Wednesday, August 14, 2013

The Two Cultures

The values of science, such as critical thinking, apply to its practice and not to moral obligation, or human virtue but the same should not, and mostly is not true about scientists. Science is a product of our civilization and reflects its values through practitioners, but also science in the last 300 years has shaped the values of people. 

Science may speak to the effects of our actions, natural variation, chance occurrence, but by itself it does not assign value to the well being of people, family or nations.
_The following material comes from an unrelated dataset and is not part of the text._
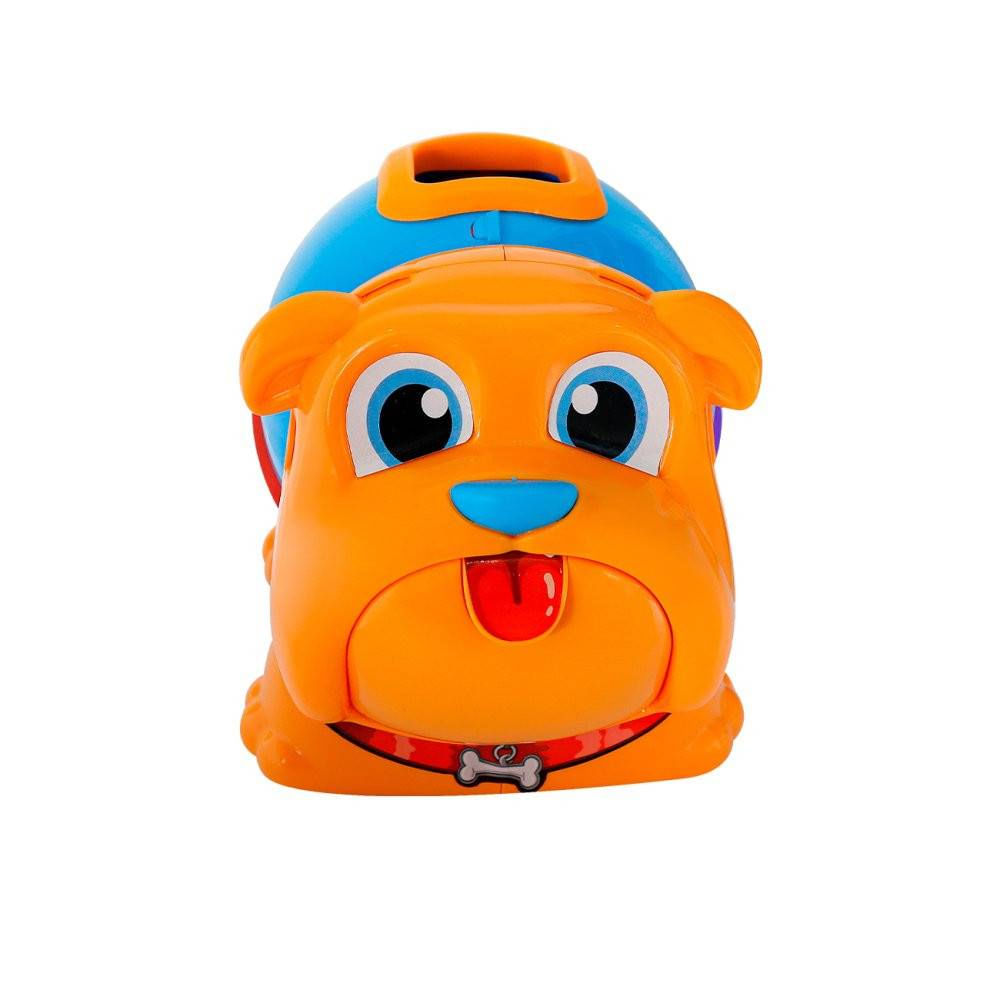 Cachorro Didático Colorido Coordenação Motora Brinquedo Educativo Infantil de Peças de Encaixar Sensorial para Bebês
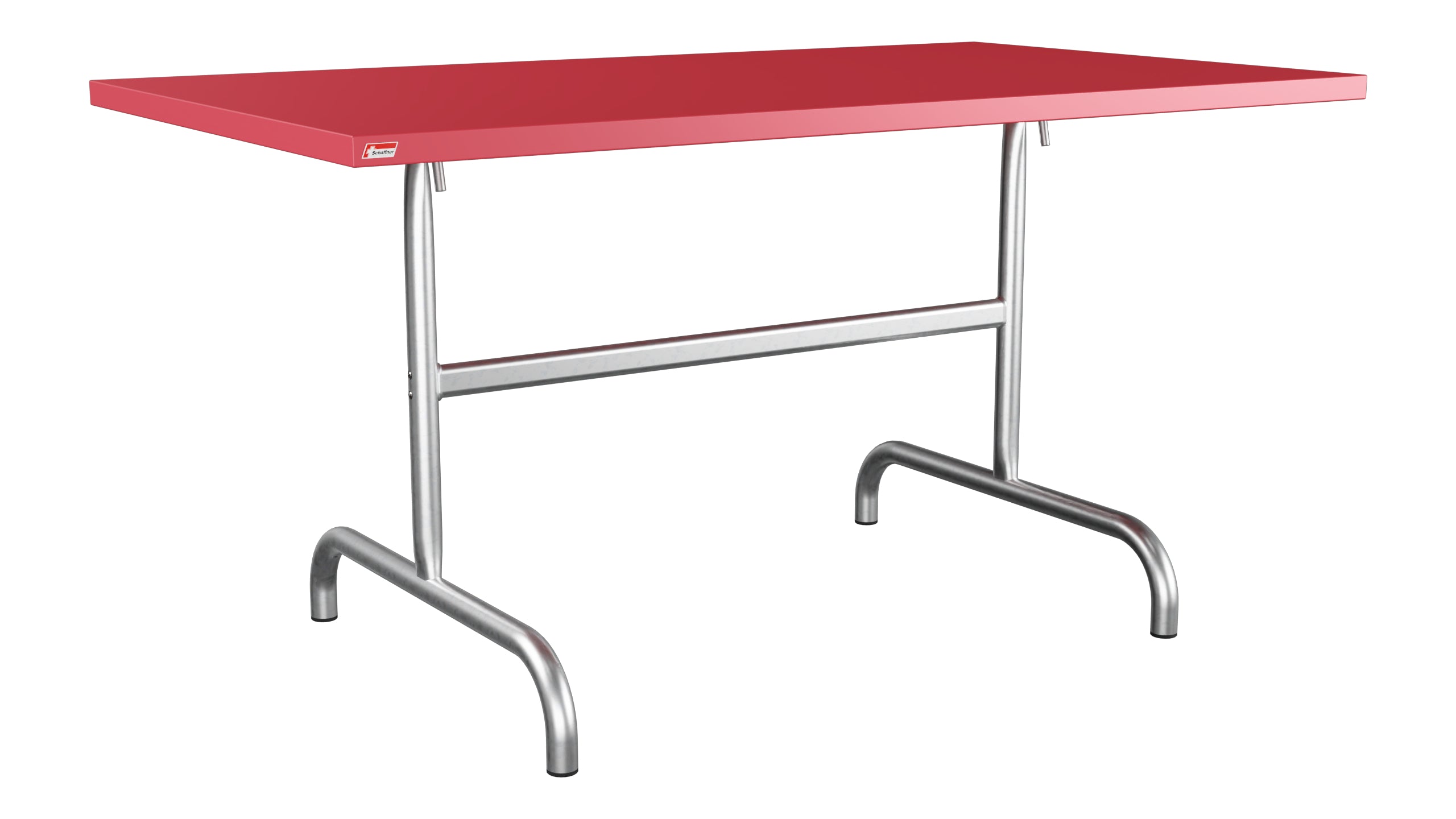 Säntis Metall-Gartentisch 140x80 klappbar in Ahornrot präsentiert im Onlineshop von KAQTU Design AG. Gartentisch ist von Schaffner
To slip back into character, bunnies are an entirely different matter. 

On the other hand, science does inform scientists when urgent action is necessary if damage is to be limited or the world or some part of it is to prosper and it would be remiss of them not to show these conclusions to others so that our world can at least have a chance to avoid the whirlwind or reap the cornucopia as the case may be.
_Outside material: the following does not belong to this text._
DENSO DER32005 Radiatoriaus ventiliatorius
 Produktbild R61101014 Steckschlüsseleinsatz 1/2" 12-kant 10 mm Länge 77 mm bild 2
Climate change is such an issue.  As the AGU statement on climate change says: Human-induced climate change requires urgent action.   That is a statement which brings together ethical obligation of scientists with their science.  It is on the border where the two cultures of science meet.
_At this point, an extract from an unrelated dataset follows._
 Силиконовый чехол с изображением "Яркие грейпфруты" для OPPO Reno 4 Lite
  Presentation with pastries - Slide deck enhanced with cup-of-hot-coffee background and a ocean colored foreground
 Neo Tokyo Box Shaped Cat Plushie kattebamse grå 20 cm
The first culture is the delight in discovery, the pursuit of knowledge for the pleasure of itself, the ivory tower.  This is the place where science, as a hobby of the well off started but increasingly the cleverest amongst us adopted that stance.  Here's to pure mathematics, may it never be of any use to anyone.  It is primarily this culture that opposes scientists acting as advocates of any action, but still, there is a tradition here of the "wise old heads" functioning as advisers to government and industry.  Physicists are particularly prominent in this camp.  In the case of climate, one sometimes gets the feeling that the objections of a William Happer, for example, are more defending turf than anything else

The second culture is science as the engine of an improved civilization, engineering some sneer, but not the solely practical engineering that only cares if something works but not why.  People in this camp in principle, because they want their science to serve societal needs see no problem of advocating policies. 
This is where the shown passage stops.